There are some lighter, and very welcome ancillary pleasures on offer here, too. It’s funny, for one thing: When visiting Dyer in the hospital, Kinderman asks the priest why he’s reading Women’s Wear Daily rather than the Gospels, and Dyer replies, deadpan, “They don’t give you all the fashions.” Also, and I’ll grant you this matters most to people who grew up in the D.C. Metropolitan area, The Exorcist III, even more so, I think, than its 1973 predecessor, has a wonderful sense of place, and of the parts of DC that don’t often appear in movies. For example, when Dyer and Kinderman go to see It’s a Wonderful Life early on, they go to the late, lamented, but instantly recognizable Biograph Theater. It’s also refreshing to see a horror film with a cast made up largely of middle-aged, or older, actors. Along with Scott, Miller, and Flanders, The Exorcist III also features the great Scott Wilson, the somewhat peculiar, but good, Nancy Fish, and George DiCenzo (Wilson and DiCenzo both appear in The Ninth Configuration as well). Among others. I know my mom was a bit taken aback to see Viveca Lindfors’s name show up in the credits.
But more than any of this is the film’s approach to faith, doubt, good, and evil. Like The Ninth Configuration, The Exorcist III is a moral thriller. Blatty began his career as a comedy writer (he co-wrote the screenplay for A Shot in the Dark, the second Inspector Clouseau film). Most of his books are comic novels. Yet Blatty, who died in 2017, was a man of deep religious faith. With The Ninth Configuration he imagined a situation where a man spiritually adrift might find faith and goodness through the redemption and selflessness of a morally tortured man. In his two Exorcist novels and films, he sharply contrasted evil at its most cruel and depraved with the good people who are almost bound to be crushed by it. The goodness of Damian Karras would mean less if the horror he faced, and the suffering he endured, weren’t so extreme. And if Kinderman, barely hanging on even at the beginning of The Exorcist III, can get through all of this without giving up, then, awful as it all is, perhaps there is hope.

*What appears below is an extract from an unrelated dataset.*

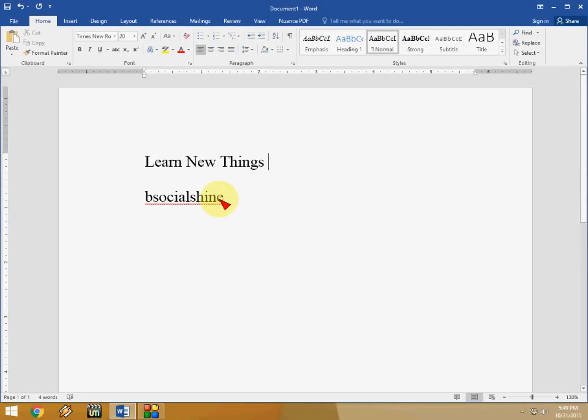Hey guys, welcome back again. I am MJ. Today I will show you some top new features of Microsoft Word 2016. So let's start.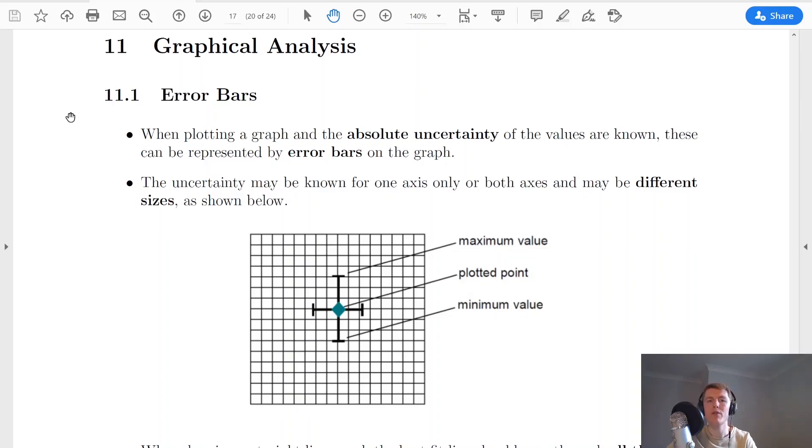Hey folks, welcome back. In this video I'm going to go over how to analyse your graphs in advanced higher physics. This will probably be most useful for you in the project, but you might also see some questions on this in the final exam as well. So let's get started.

We live in an age of uniformly beige Netflix and Amazon Originals—generic titles like Extraction or Six Underground or The Tomorrow War reinforcing their blandness—and the kind of dull studio catalogue films like the Twilight series, which, if they’re watched at all, fall into a memory hole as soon as the end credits begin. Tapping the IP well once again is no recipe for memorability: recite one joke from Eddie Murphy’s Coming 2 America, I dare you. For The Exorcist III to be casually brushed aside as if it rests in that cinematic vein suggests to me only that anyone dismissing it like that must not have actually seen it, or paid no attention while it was on. This film is quite unforgettable.